EXAMPLE 2 108 g of purified anhydrous paraphenylenediamine and 4,4'-diamino were placed in a four-neck separable flask equipped with a thermometer, a stirrer, a reflux condenser and a dry nitrogen gas inlet. Take 200 g of diphenyl ether, add thereto a mixed solvent of 90% by weight of anhydrous N-methyl-2-pyrrolidone and 10% by weight of toluene, and add an amount such that the solid content ratio in all the raw materials becomes 20% by weight. In addition, it dissolved. Dry nitrogen gas was allowed to flow throughout the entire process from the preparation of the reaction to the removal of the product.

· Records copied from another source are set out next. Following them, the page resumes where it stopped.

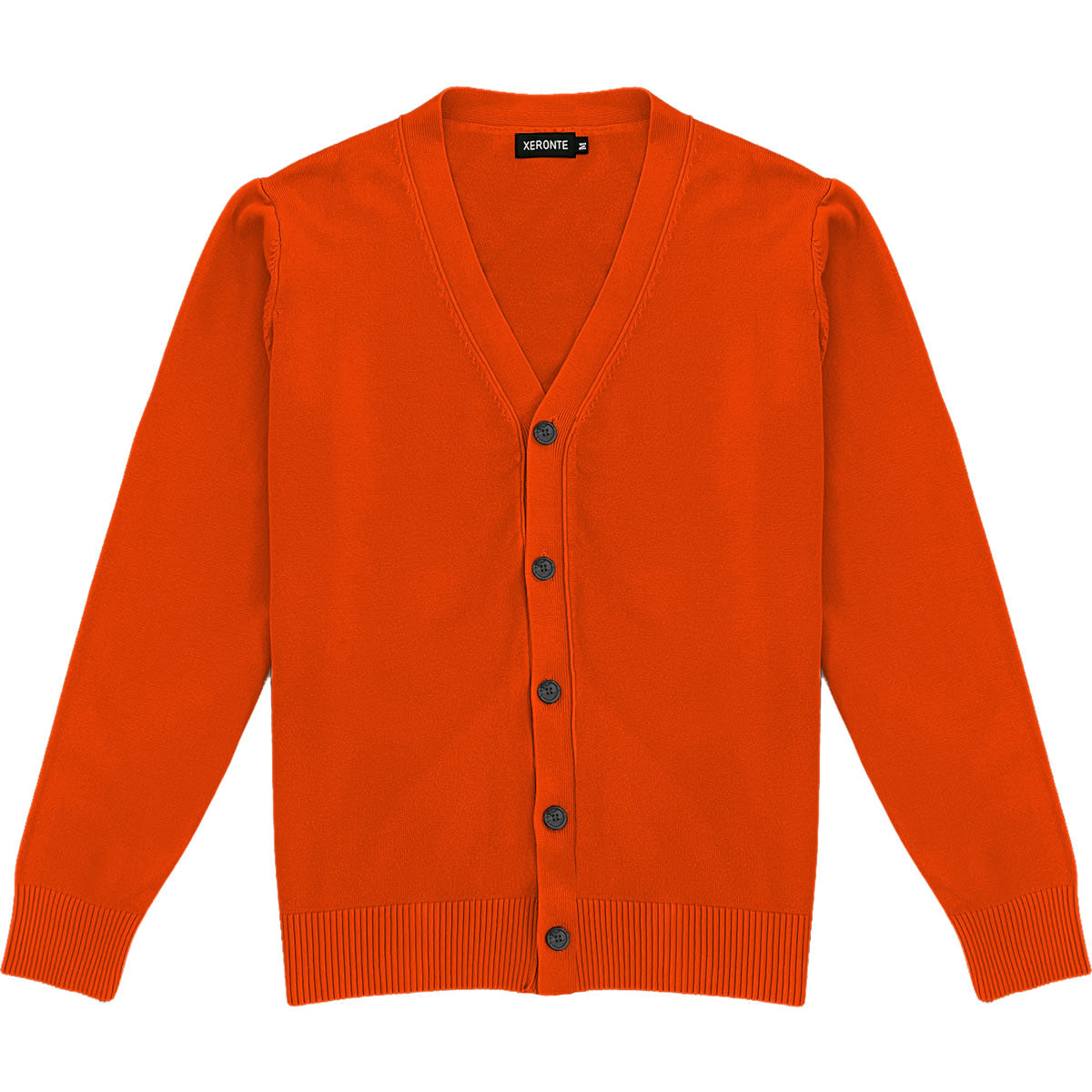 Orange Mens V-Neck Button Down Cardigan Sweater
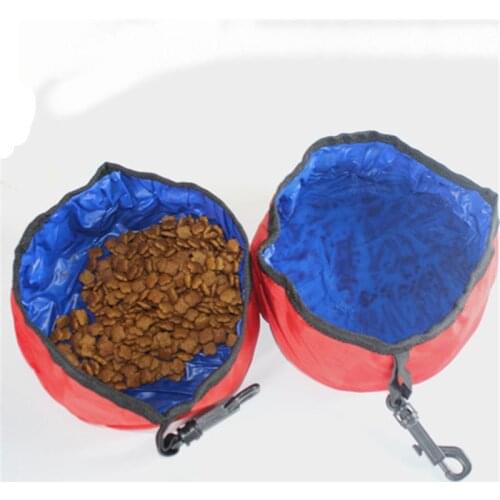 Foldable Dog Bowl Oxford Water Bottle Outdoor Travel Cat Bowl Pet Feeder Drinking Walking For Small Medium Large Dog Plate Puppy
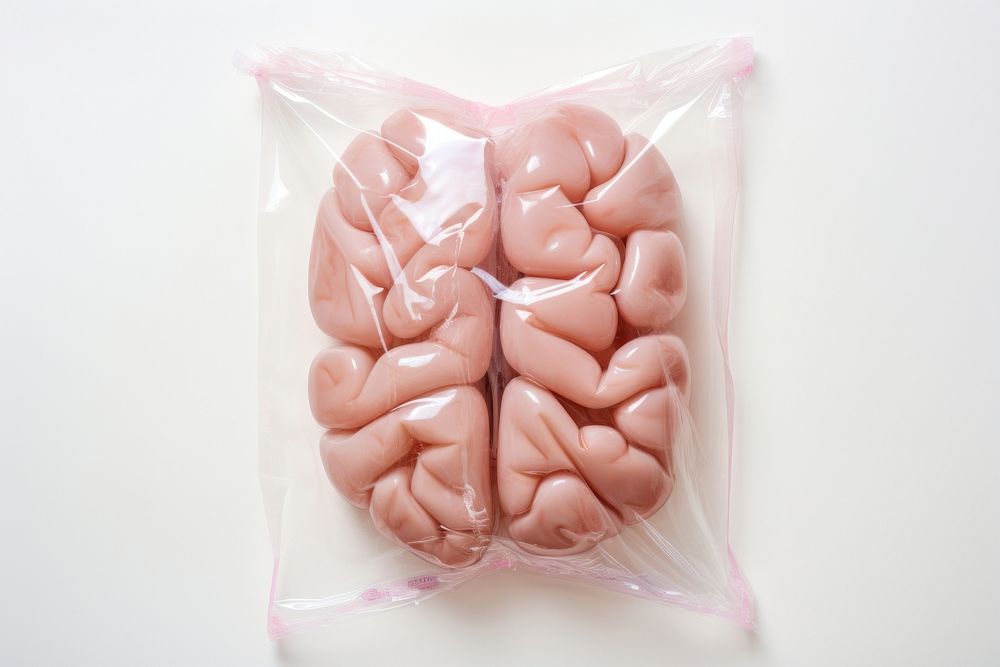 Plastic wrapping over a brain food white background freshness.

Next, 294 g of purified anhydrous 3,3 ', 4,4'-biphenyltetracarboxylic dianhydride and 218 g of pyromellitic dianhydride are added little by little with stirring. The mixture was cooled by circulating cold water at about 15 ° C. After the addition, the internal temperature was set to 20 ° C., and the mixture was stirred for 5 hours, and the reaction was completed to obtain a polyamic acid solution. The glass transition temperature of the obtained resin after imidization was 312 ° C. according to thermomechanical analysis. This polyamic acid solution was applied on a commercially available copper foil with a bar coater so that the thickness after imidization became 25 μm, and was applied at 110 ° C. for 15 minutes, 1 minute.
Heating and drying at 50 ° C. for 15 minutes, 200 ° C. for 15 minutes, 250 ° C. for 15 minutes, and 300 ° C. for 15 minutes, a polyimide composite film 2 (flexible printed circuit board) was obtained. A thermogravimetric analysis of the solvent content in the obtained polyimide composite film showed that 3.3% of the solvent still remained. 100m wound pressure 100 kg / cm ² to the copper foil of this polyimide film to the spacer interior which is provided a protrusion height of 2mm on the end of the stainless steel plate is brought into close contact with the stainless steel spacer strip, the critical state regulating temperature 35 ° C. Carbon dioxide For 1 hour, the content of the solvent in the resin was measured and found to be 0.008%.

Comparative Example 2 The polyimide composite film 2 of Example 2 was dried at 350 ° C. for 30 minutes, but the solvent content was still 0.78%. On the other hand, when the solvent was further dried at 380 ° C. for 30 minutes, the solvent content was reduced to 0.014%. However, a high-temperature furnace which can always be replaced with a nitrogen atmosphere so as not to oxidize the copper foil is indispensable. Because of the high temperature, it was annealed and softened, and could not be used for applications requiring the rigidity of copper foil such as TAB.

[0015]

According to the present invention, a polyimide film or a polyimide composite film is wound into a pair with a spacer film having good air permeability, and the supercritical state of carbon dioxide or the like which becomes a supercritical state below the glass transition temperature of the resin is obtained. Is a method for drying a polyimide film characterized by removing the solvent and moisture remaining in contact with the fluid,
This method is an industrially superior method of drying a polyimide-based film that can remove a small amount of residual solvent, which was usually difficult to remove, with little heat or mechanical damage to the polyimide-based film and efficiently remove the film without deteriorating the film. It is.

Claims (4)

[Claims] 1. A method for drying a polyimide film, comprising removing a solvent and moisture remaining in the polyimide film by contacting the solvent and water with a supercritical fluid having a glass transition temperature of the resin or lower. 2. The method for drying a polyimide composite film according to claim 1, wherein the polyimide film is a composite film with a metal or another resin. 3. A method for drying a polyimide-based film according to claim 1, wherein the polyimide-based film is brought into contact with a supercritical fluid in a wound state while being paired with a spacer film having good air permeability. 4. The method for drying a polyimide film according to claim 1, wherein the supercritical fluid is carbon dioxide.